» Excerpted records:
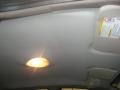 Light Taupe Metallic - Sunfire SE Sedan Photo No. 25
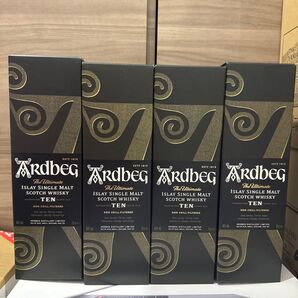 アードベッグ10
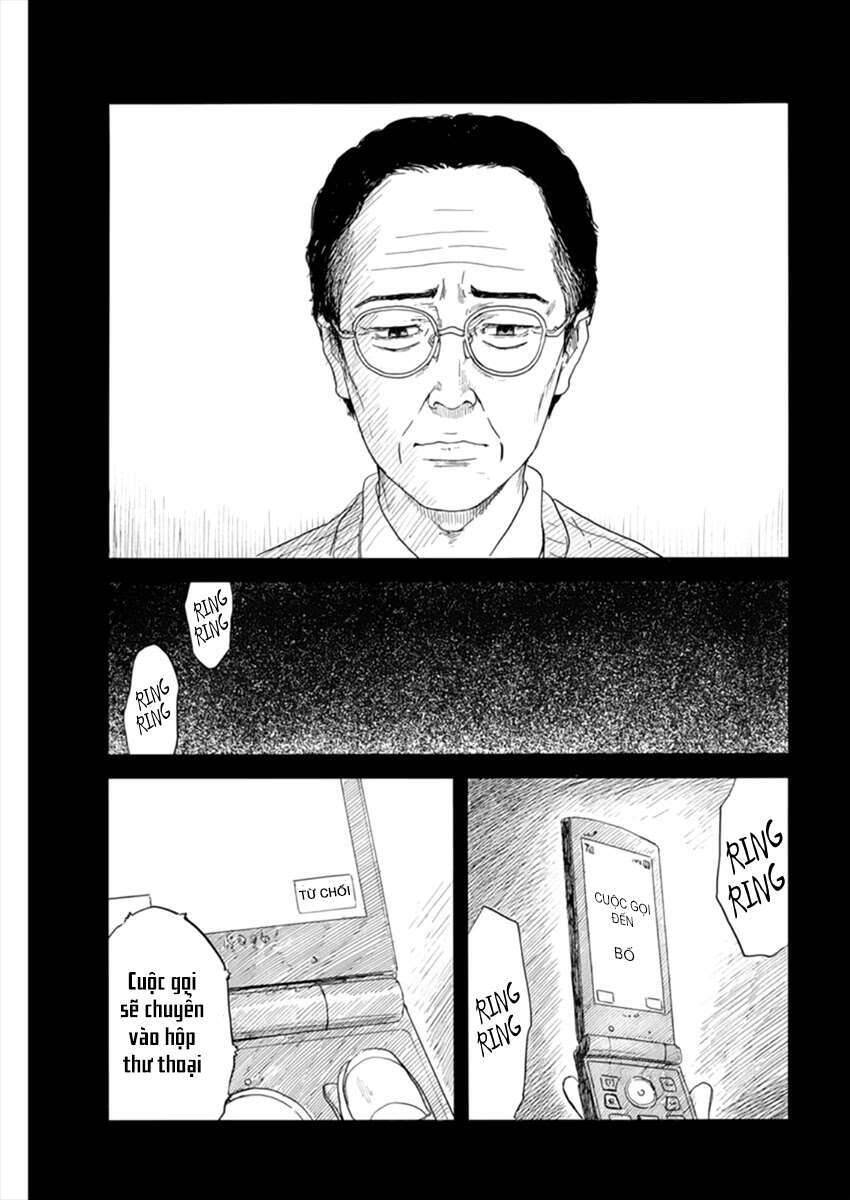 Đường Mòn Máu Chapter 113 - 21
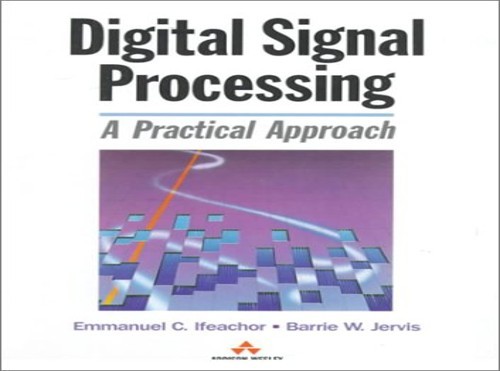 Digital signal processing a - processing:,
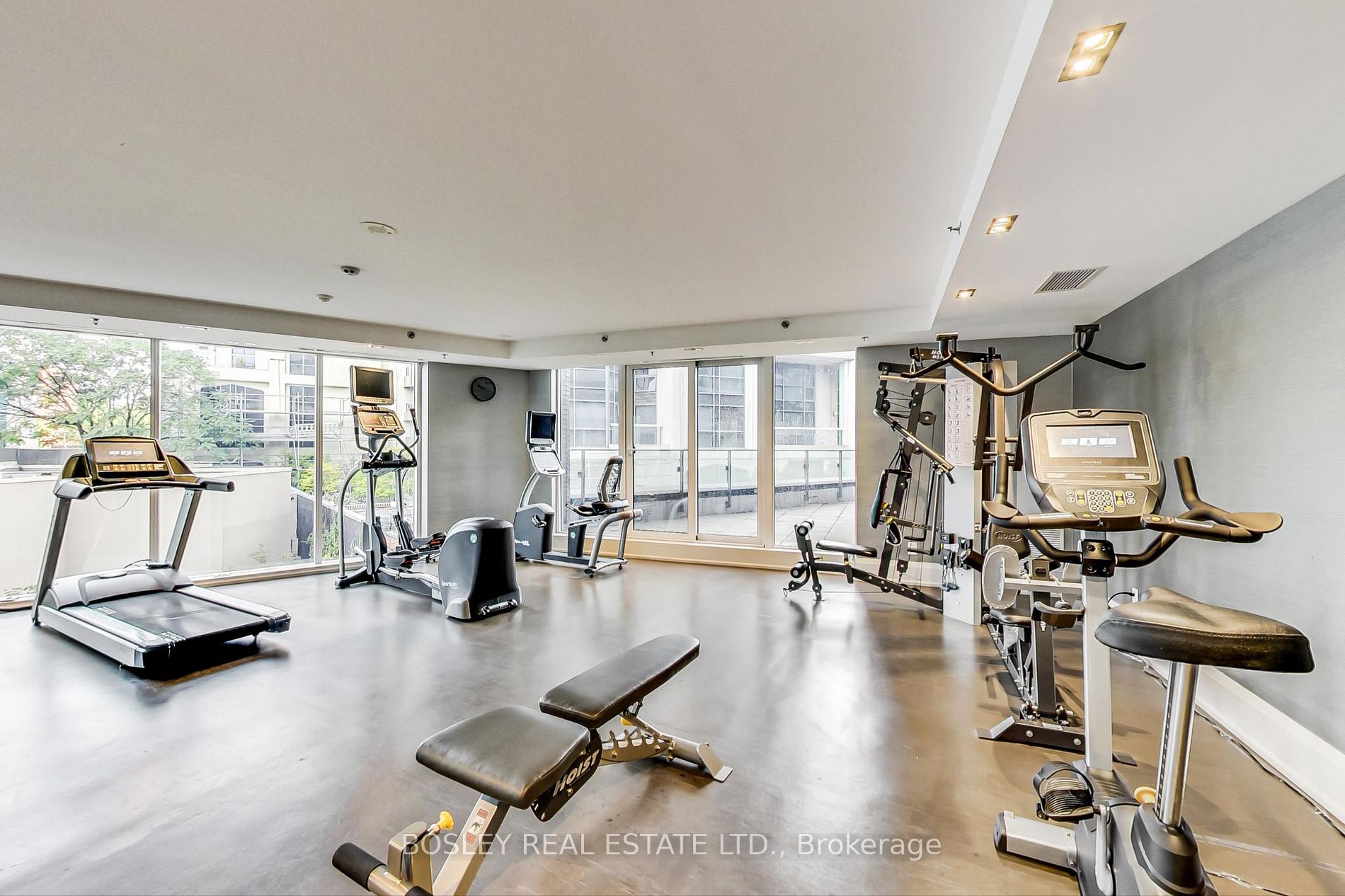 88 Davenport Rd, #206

---

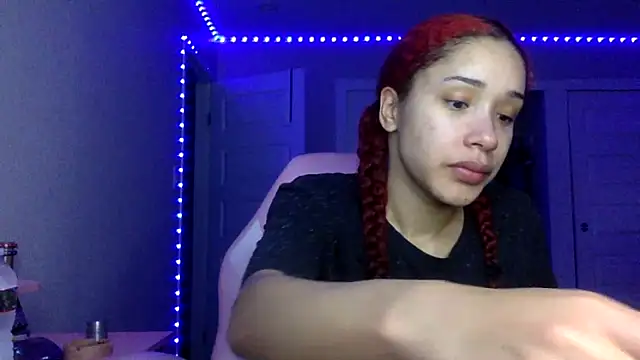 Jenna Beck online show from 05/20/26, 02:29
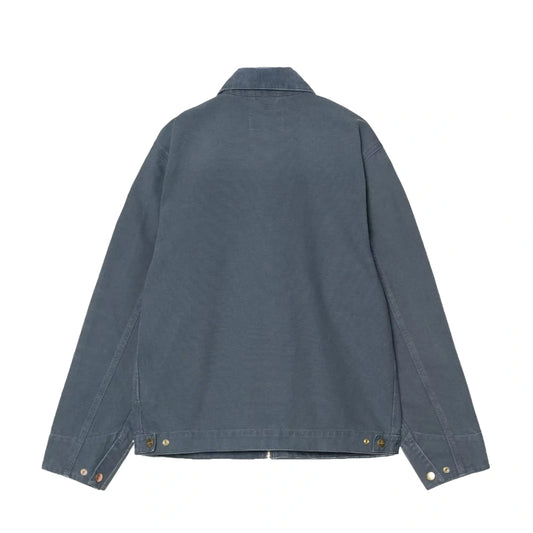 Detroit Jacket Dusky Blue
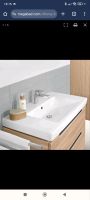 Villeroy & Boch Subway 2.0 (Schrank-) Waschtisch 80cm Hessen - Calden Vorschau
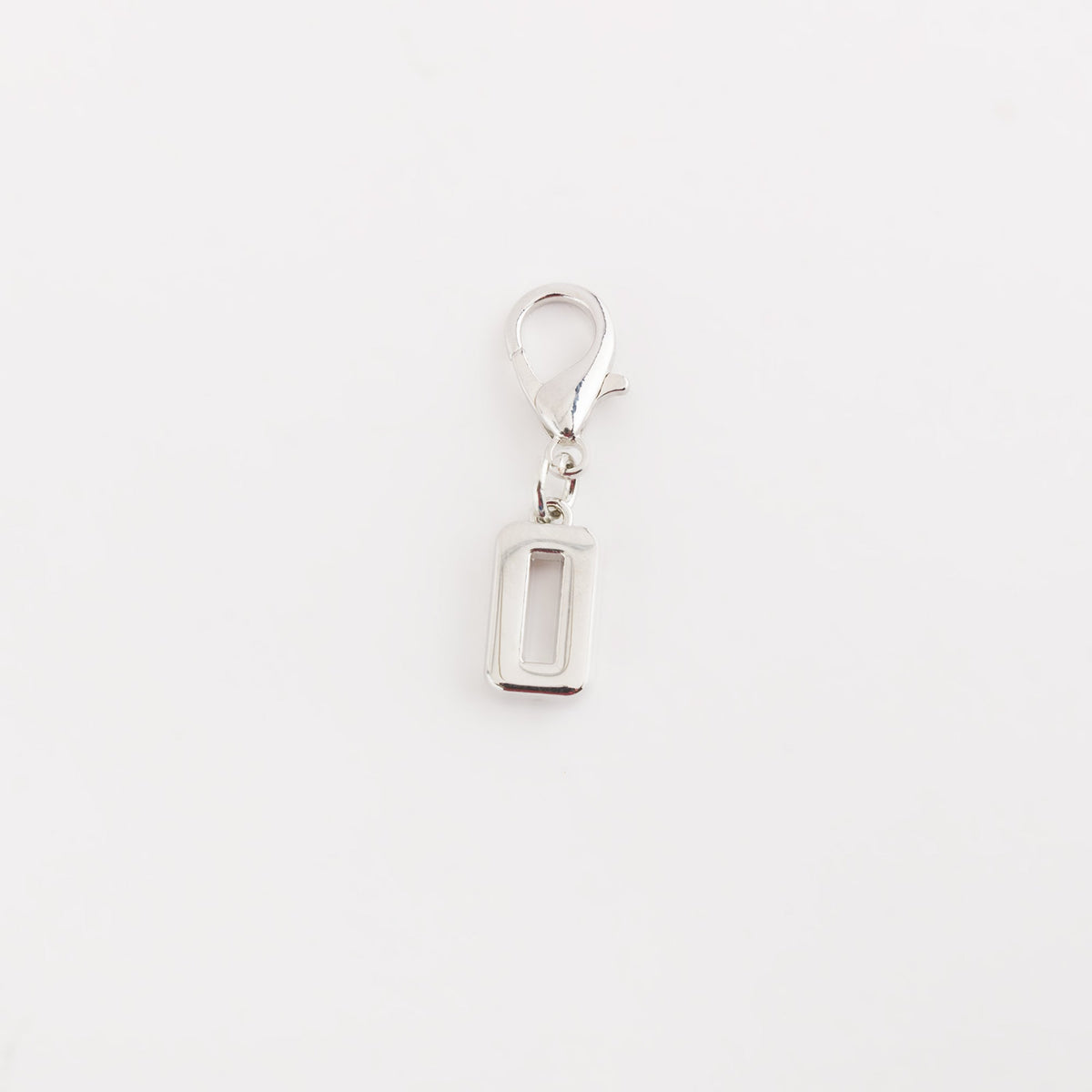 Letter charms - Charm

» To do: Every line from the one with "Villeroy & Boch" through the one with "Letter charms - Charm" is to be reproduced exactly as written above, and the pictures are to be dropped.

» Solution:
 Villeroy & Boch Subway 2.0 (Schrank-) Waschtisch 80cm Hessen - Calden Vorschau
 Letter charms - Charm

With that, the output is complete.